It's cap and gown season again. As graduates prepare to begin their professional lives—or head to the next educational institution—many will listen as some of the nation's biggest names in business, politics and the arts take a step back and offer their wisdom and experience.
No matter where these speeches fall along the spectrum from good to boring, the platform gives speakers the opportunity to talk about issues both mundane and extraordinary. Oftentimes, topics stretch beyond the speaker's day job, and the best examples hit home nonetheless. Looking with the critical eye of the communicator, commencement addresses can offer timeless examples of how to connect emotionally and intellectually with large audiences.
Here are five communications takeaways from some of the best commencement addresses in recent memory.

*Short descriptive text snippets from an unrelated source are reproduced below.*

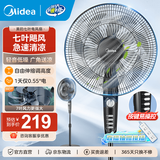 美的（Midea）电风扇落地扇家用大风量 远距强风电扇 立式轻音节能可定时降温 【超级爆款】7叶大风力35MA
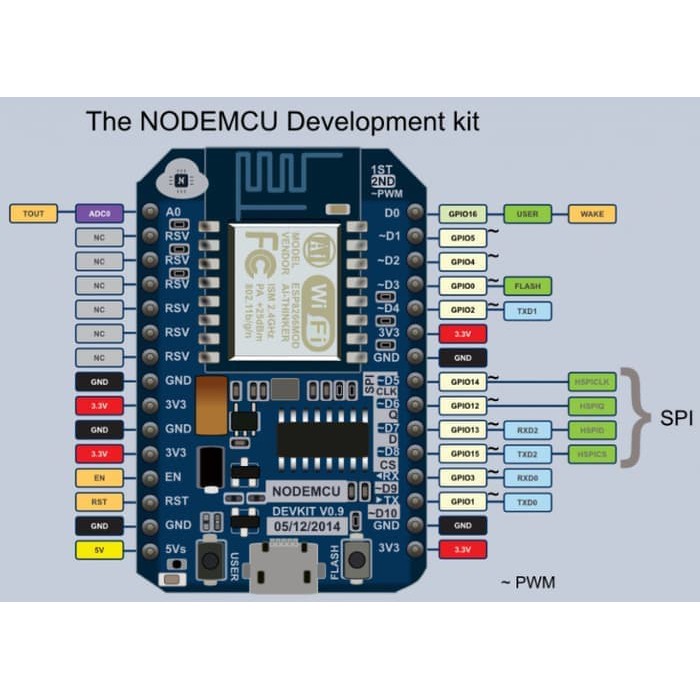 NodeMCU ESP8266 Lua WiFi ESP-12 Arduino Node MCU ESP12 CP2102 IOT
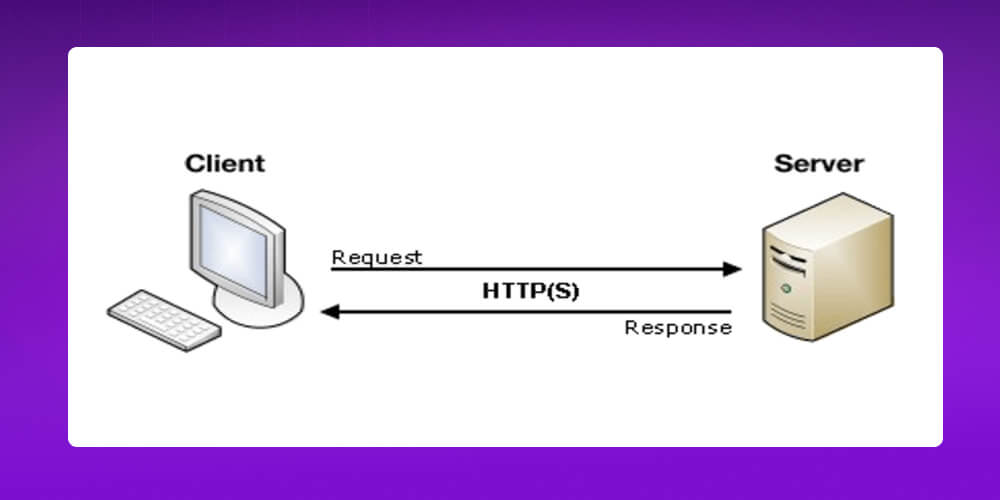 giao tiếp giữa client và server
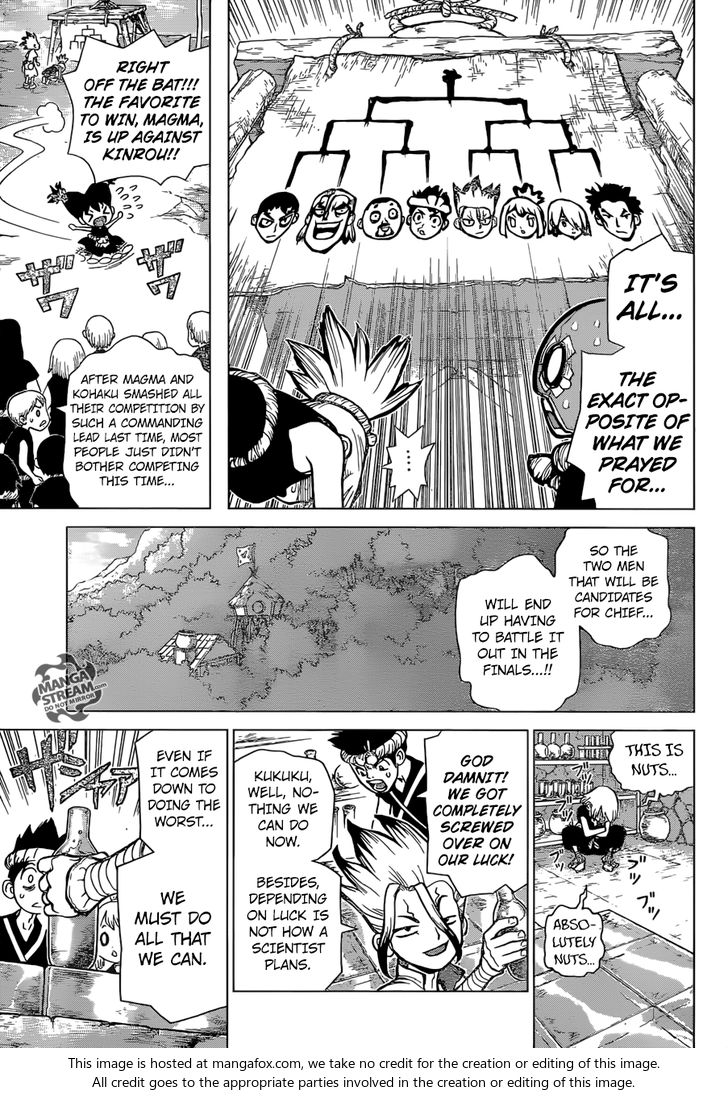 Read Dr. Stone Manga Online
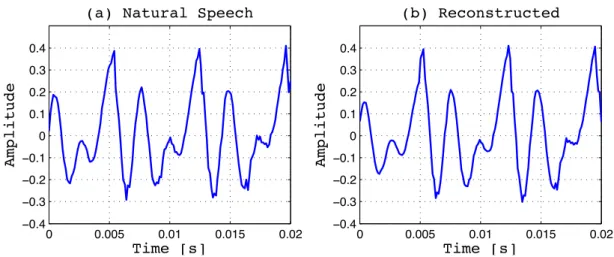 Figure 3.9: Example of the speech reconstruction with the sinusoidal model showing:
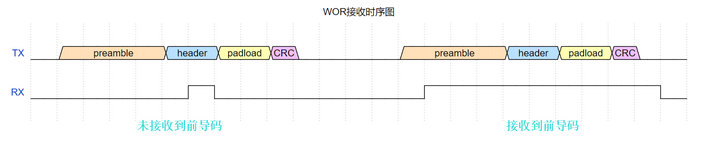 8  WOR空中唤醒接收时序图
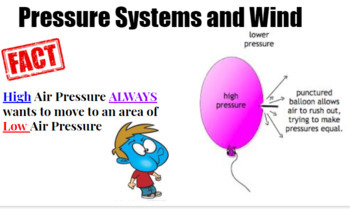 Preview of Pressure Systems and Wind - Weather Pear Deck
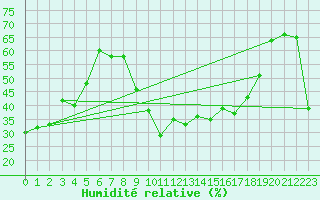 Courbe de l'humidit relative pour Robbia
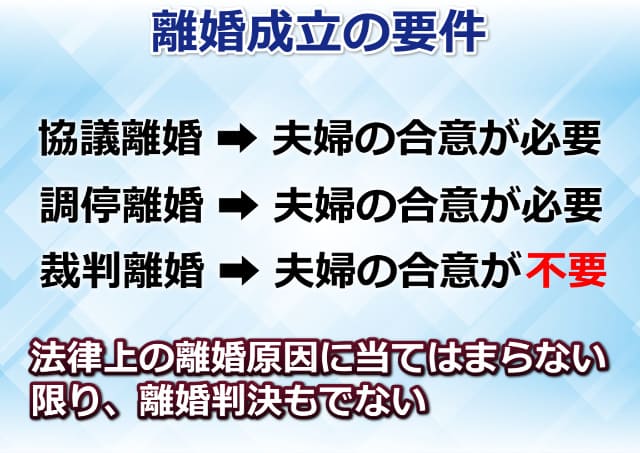 青色ベースでダイアモンドカット模様のイラストと「離婚成立の要件」などの文字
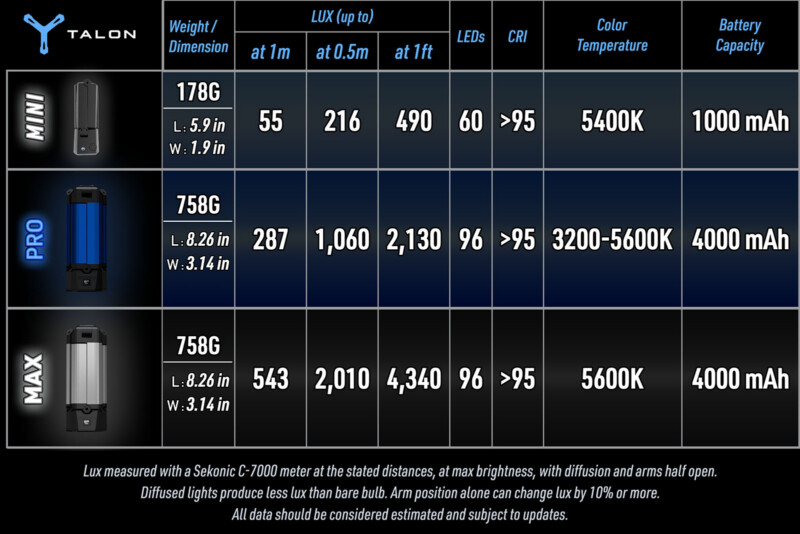 A comparison chart for Talon Mini, Pro, and Max lights, detailing specifications for weight, dimensions, lux, LEDs, CRI, color temperature, and battery capacity.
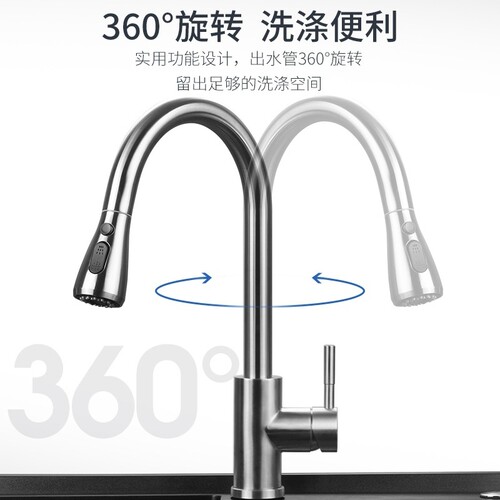 {卖点}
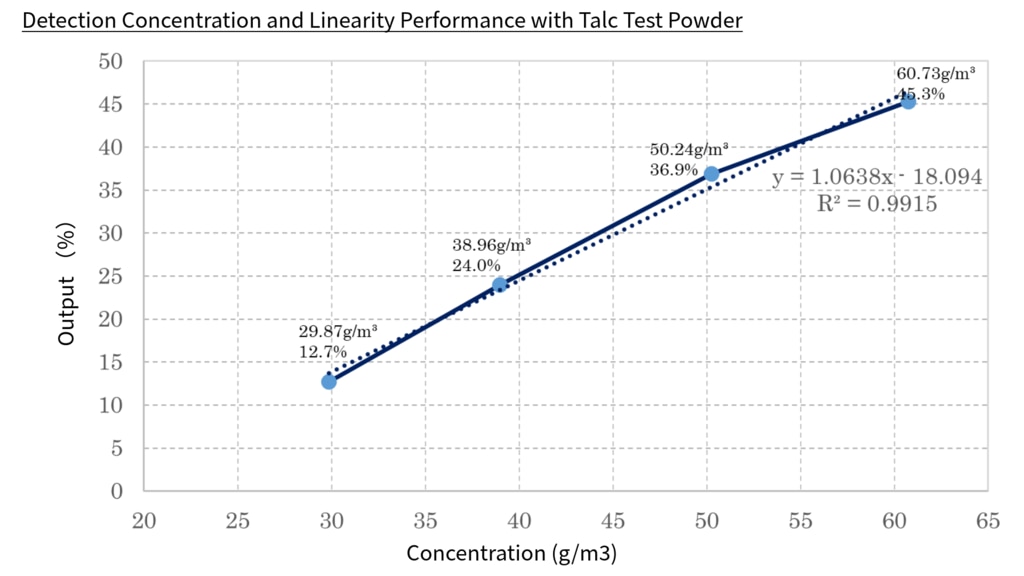 Trend Chart High-Concentration Dust Monitor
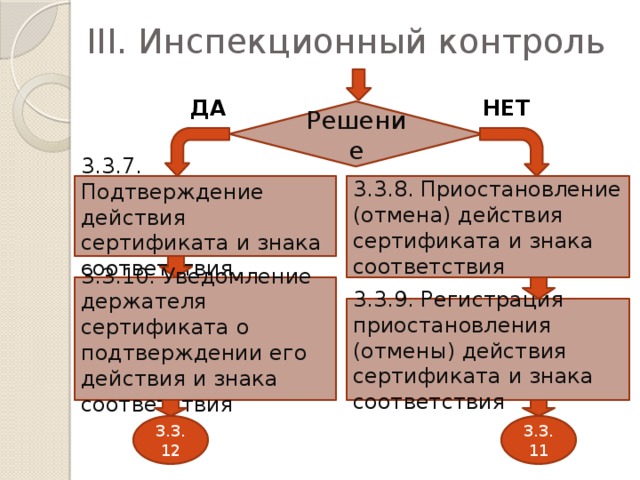 III. Инспекционный контроль ДА НЕТ Решение 3.3.7. Подтверждение действия сертификата и знака соответствия 3.3.8. Приостановление (отмена) действия сертификата и знака соответствия 3.3.10. Уведомление держателя сертификата о подтверждении его действия и знака соответствия 3.3.9. Регистрация приостановления (отмены) действия сертификата и знака соответствия 3.3.12 3.3.11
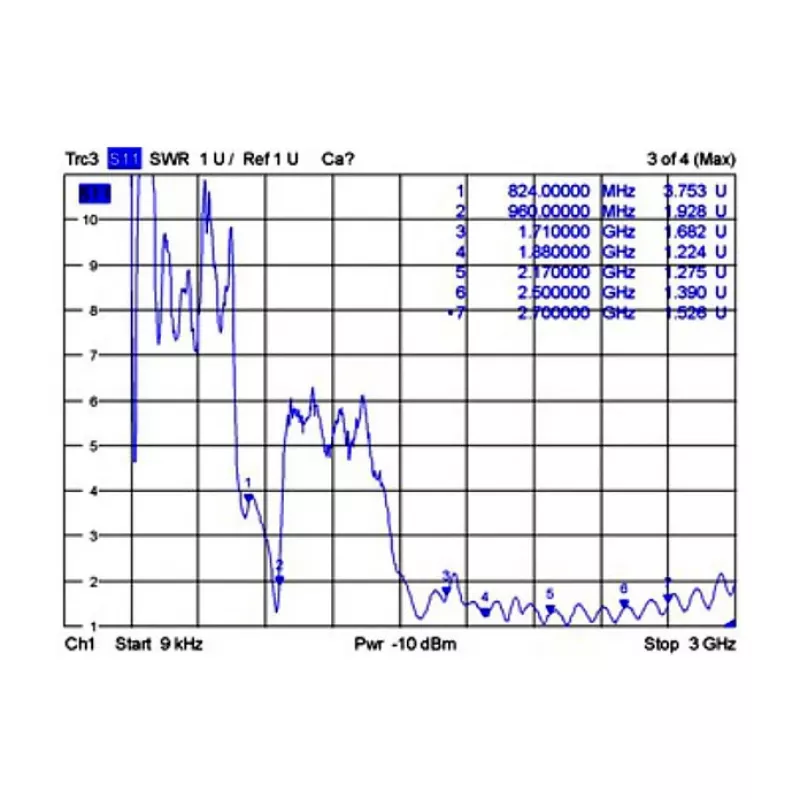 Antena omnidirecional DeLOCK 88986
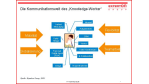 Sprach-/Datennetze: Voice over IP ist nur ein Anfang - Foto: Experton Group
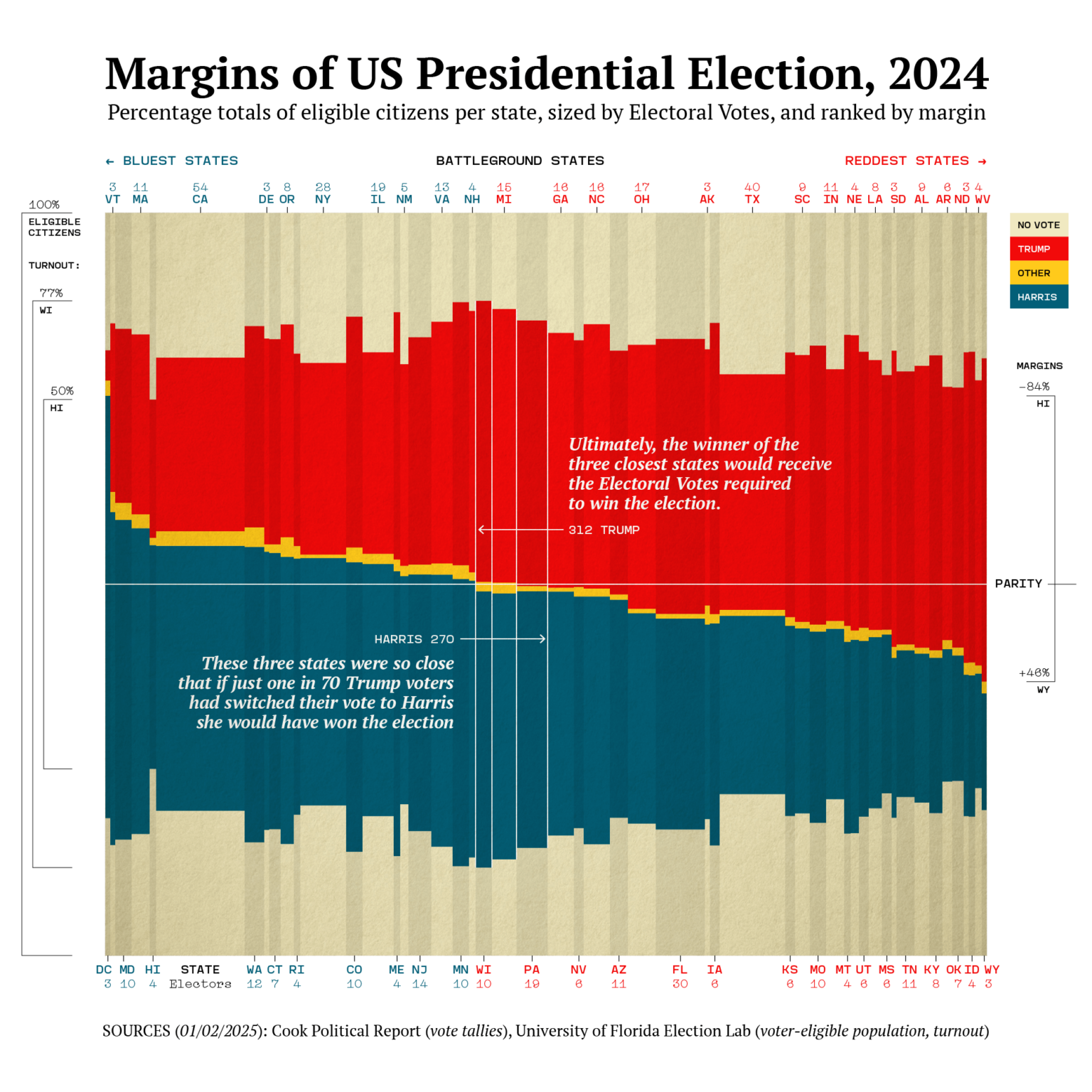 [OC] Margins of the US Presidential Election, 2024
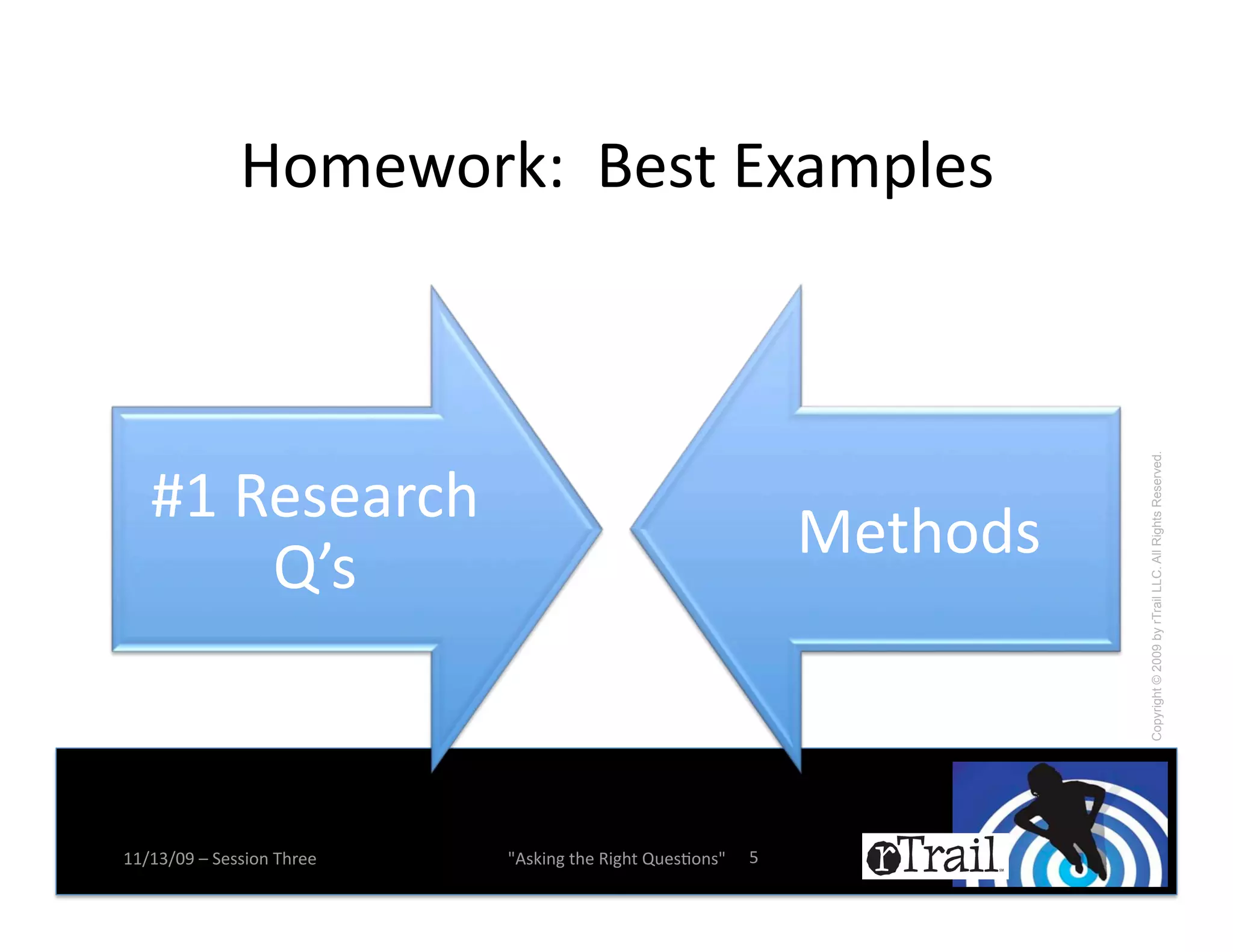 @.:(A.*BC!!/(#-!`Q):K1(#
                                     !




                                                                           Copyright © 2009 by rTrail LLC. All Rights Reserved.
   7!'(#()*+,!
                                                                I(-,.2#!
       R]#!



77X76X=>!Y!5(##$.%!D,*((!   W4#B$%&!-,(!'$&,-!R0(#N.%#W!   a!
 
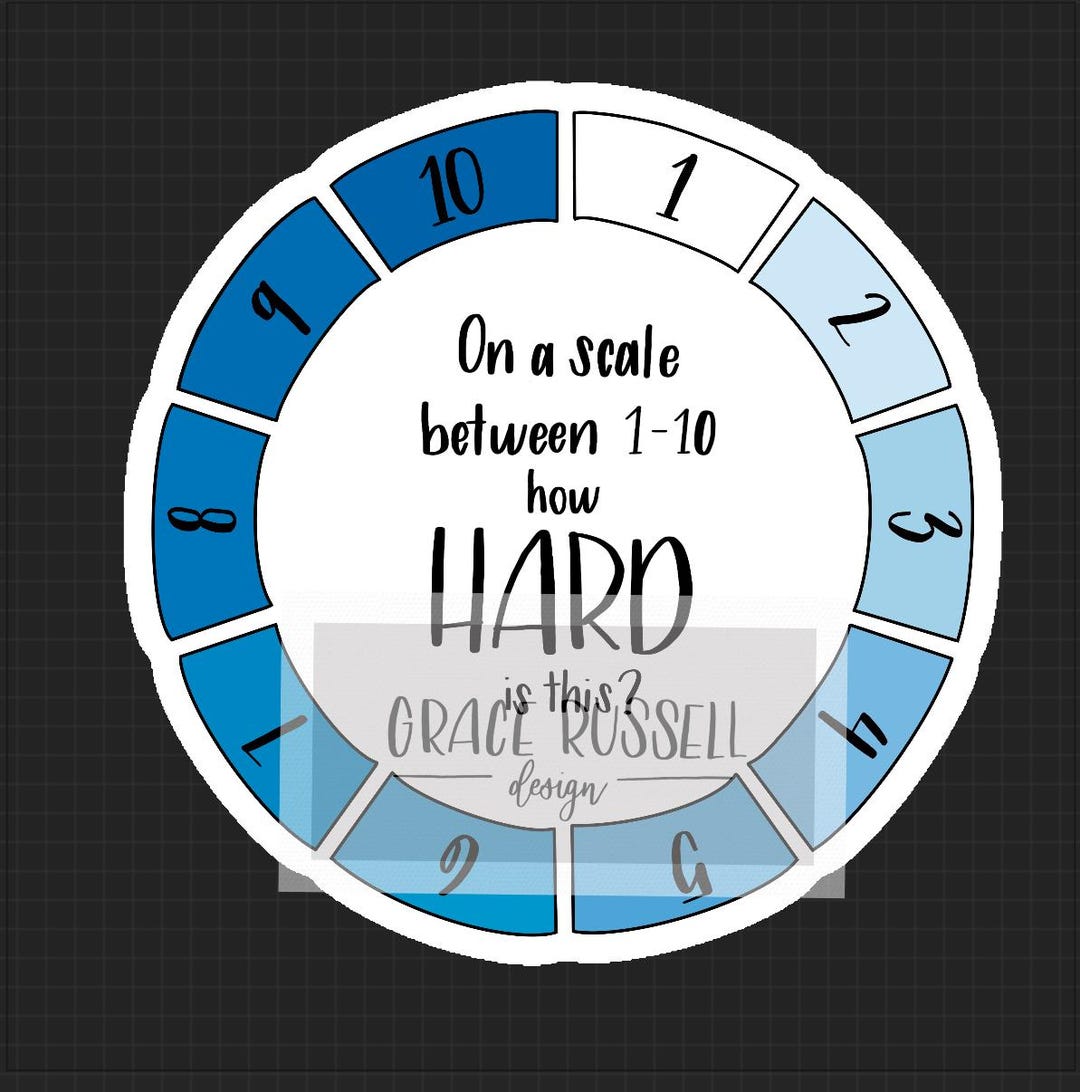 Regulation Sticker Emotion Regulation Digital Sticker: Mindfulness Therapy Tool (PNG ...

Illuminate the commonplace. Novelist David Foster Wallace redefines clichés about the way we think in his address, and his ideas have resonated for a decade. Wallace shows that a message doesn't have to be brand new to stick with your audience. Giving a unique take on the everyday can be incredibly effective.
Use your voice. In any type of communication or PR effort, it's paramount to understand and stay true to your voice. Audiences easily pick up on breaches in authenticity, which can lead to your message flopping. Blockbuster filmmaker Joss Whedon is known for his irreverent and witty style in his television shows and movies. In his address, he never strays from his voice and succeeds in giving recent graduates both lighthearted and serious advice.
Keep it simple. No list would be complete without Steve Jobs' famous speech to Stanford grads in 2005. By telling three stories from his personal life, Jobs proves the value in saying more with less.
Know what is expected of you. Nobody expected Stephen Colbert to get on stage and deliver a high-minded speech on metaphysics. Instead, he knew his audience and what was expected of him, and he delivered one of the funniest speeches of the 2015 graduation season.
Embrace humor. Even if you're not a comedian like Maya Rudolph or Stephen Colbert, it's been proven time and again that funny works. Not only was Rudolph's speech well-received, but also her take on the National Anthem picked up a good amount of media coverage as well.